Scraped caption text data
*** Block opens ***

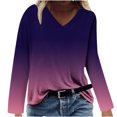 thumbnail image 1 of Hauts à Manches Longues pour Femmes Mode Décontractée Col en V Confortable Haut Imprimé T-Shirt Blouse Hauts Col en V pour Femmes Hauts Décontractés Mode pour Femmes Hauts à Manches Longues, 1 of 4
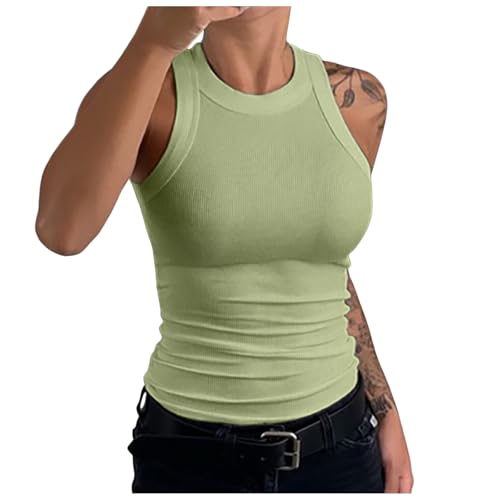 Sport Top Damen Fitness Basic Tops Damen Sommer Trägertop Tanktops Blusentops Weiß Sommertop Ärmellos Tanktop Eng Schwarz Beige Damentops Einfarbig von Generic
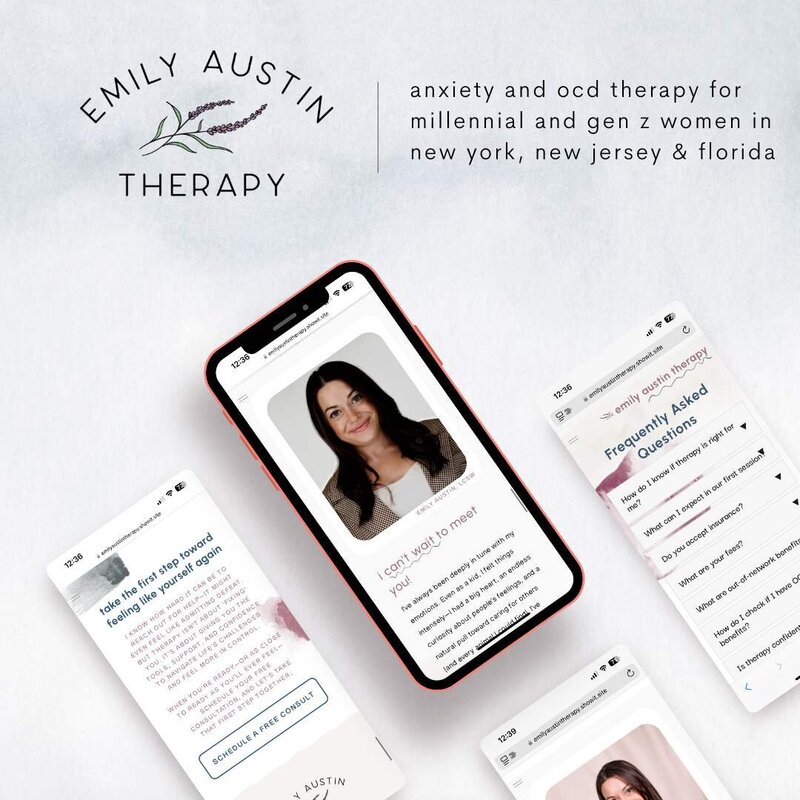 Multiple mobile device screenshots of website designs for therapists on a cloudy blue background.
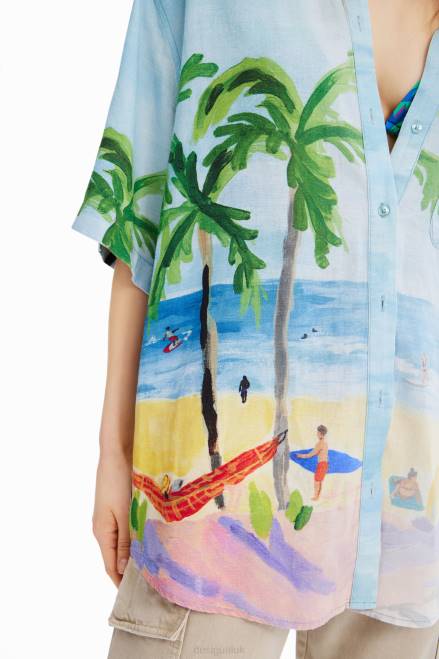 Oversize tropical linen shirt Desigual Women 2ZPR368 Clothing
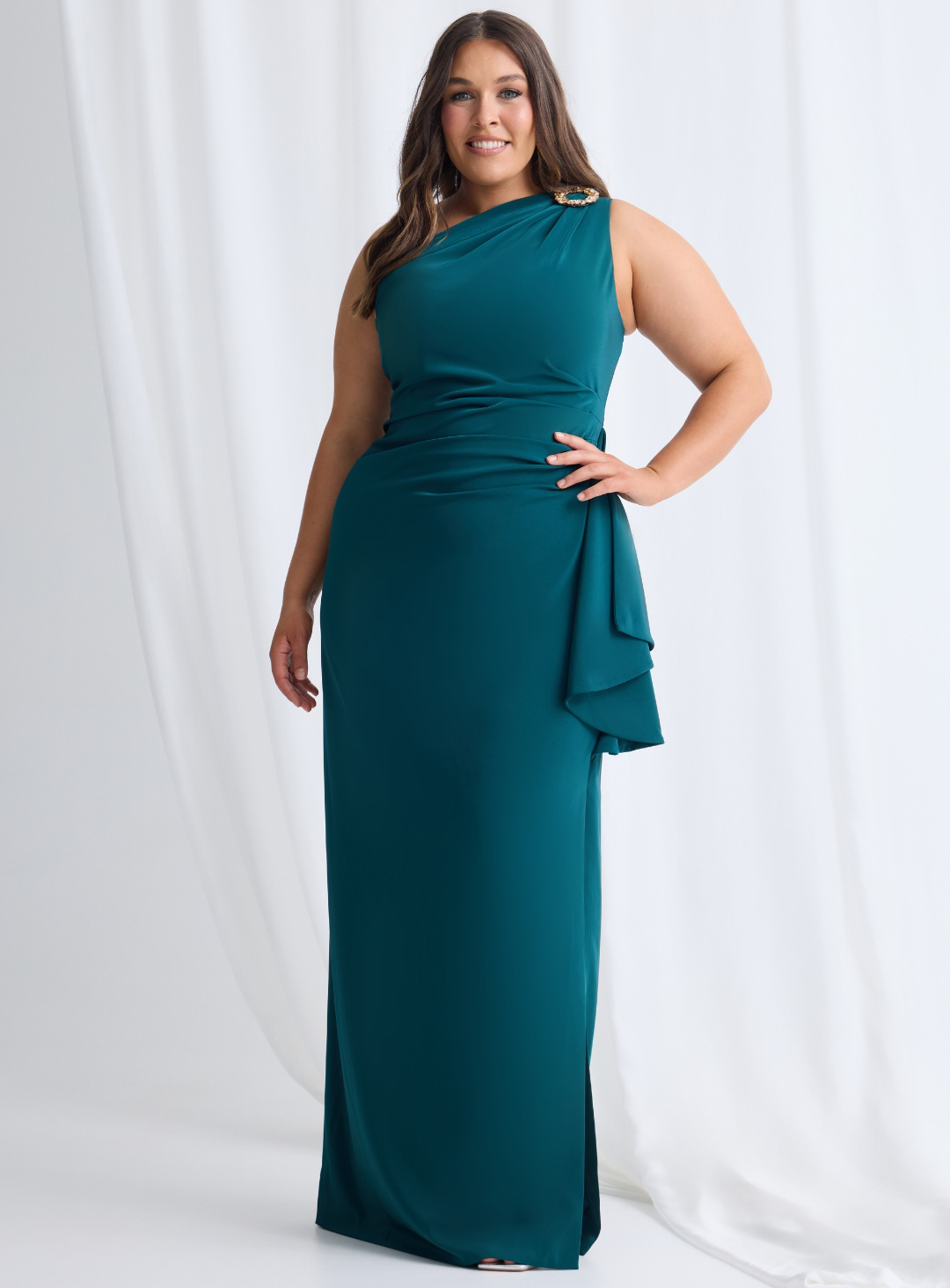 Trellis Lane BRIONIE One-Shoulder Broach Strap Formal Gown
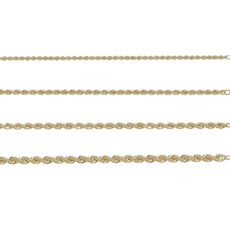 American Jewelry Solid Diamond-Cut Rope Chain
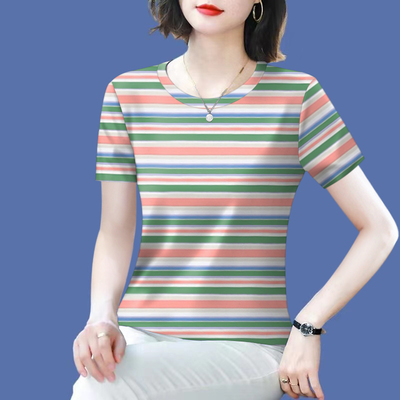 清仓捡漏~2025新款妈妈装夏季短袖圆领打底衫遮肚显瘦T恤女上衣潮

*** Block closes ***

The required answer is the lines from the one that contains "Oversize tropical linen" through the last line of the records, restated word for word, with every picture dropped.

 Oversize tropical linen shirt Desigual Women 2ZPR368 Clothing
 Trellis Lane BRIONIE One-Shoulder Broach Strap Formal Gown
 American Jewelry Solid Diamond-Cut Rope Chain
 清仓捡漏~2025新款妈妈装夏季短袖圆领打底衫遮肚显瘦T恤女上衣潮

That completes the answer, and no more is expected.